Although it’s still winter, we are looking ahead to Spring and all that the new season brings: blossoms, brightness and books. Yes, books! We’re excited about our forthcoming releases and our Spring catalog is available now. The catalog highlights The Eclipse I Call Father, an essay collection on absence, Same River Twice, an examination of the politics of dam removal and river restoration, Edge of Awe, an anthology of personal impressions of the Malheur-Steens country, and many more. Today on the blog, our Griffis Publishing Interns each highlight a Spring book that they are looking forward to reading.



Gifted Earth Cover

This spring I’m looking forward to spending more time outside enjoying the beautiful Oregon outdoors, and the OSU Press Spring Catalog features a book perfect for my interest in the botanical culture of the Pacific Northwest. Gifted Earth: The Ethnobotany of the Quinault and Neighboring Tribes does more than help readers identify regional plants: it also promotes a sustainable relationship between readers and the environment.
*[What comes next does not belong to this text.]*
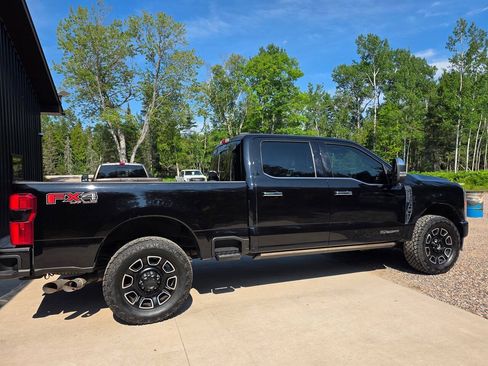 Used 2023 Ford F250 Platinum AWD/4WD image 7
This respectful and balanced attitude towards plant usage is a core value of the book. Collaboratively written by the Quinault Indian Nation and Douglas Deur, Gifted Earth captures the beauty of the plants it describes in over 80 color photos.

Each of the descriptions of the plants shared in Gifted Earth features a summary of the plant’s cultural significance and tips for gathering and using the plant. Throughout these entries you will find writing on ethical plant usage guided by Native American resource management principles, touching on issues from land access to Native American gathering rights.
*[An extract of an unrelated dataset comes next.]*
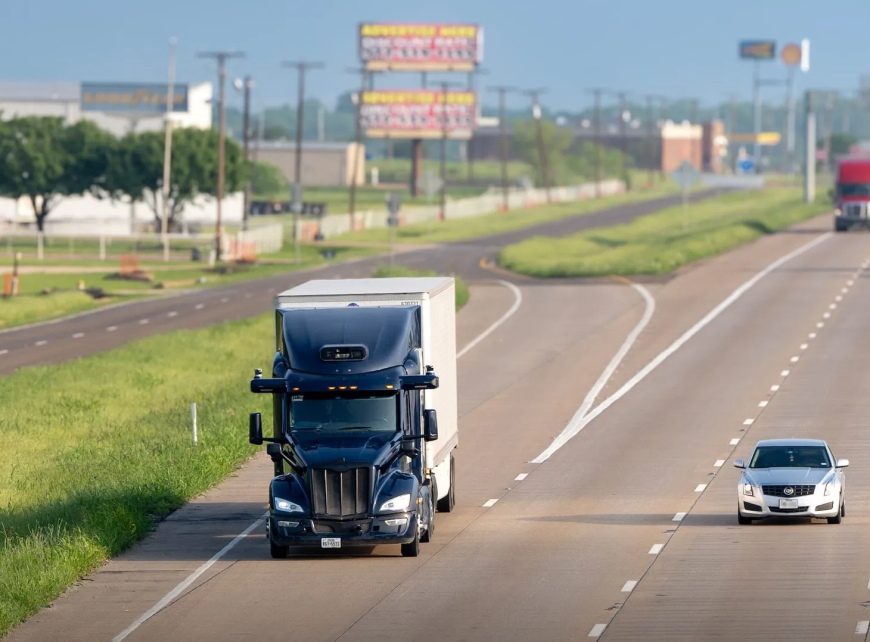 Aurora Targets 30,000 Driverless Trucks and $5B in Annual Revenue by 2030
Gifted Earth is as fascinating and comprehensive as it is user friendly, guiding readers through the foliage and into a new understanding of the living tradition of plant use in the Quinault Nation.


Red Coast CoverThis academic year I became slightly more involved in the Coalition of Graduate Students, a union at Oregon State University, and also read Beyond the Rebel Girl, a narrative that examines the role of women in the Industrial Workers of the World in the Pacific Northwest. Now I find myself interested in learning about the past and present state of unions and radicalism in the Pacific Northwest. This Spring, I am very much looking forward to the release of The Red Coast, a thorough and accessible history of activism in Southwest Washington from the late nineteenth century until World War II. While the book highlights radicalism, it also delves into anti-radical forces that fought against the work of organizers. I’d recommend The Red Coast to both academics and general readers who are interested in histories of activism and labor.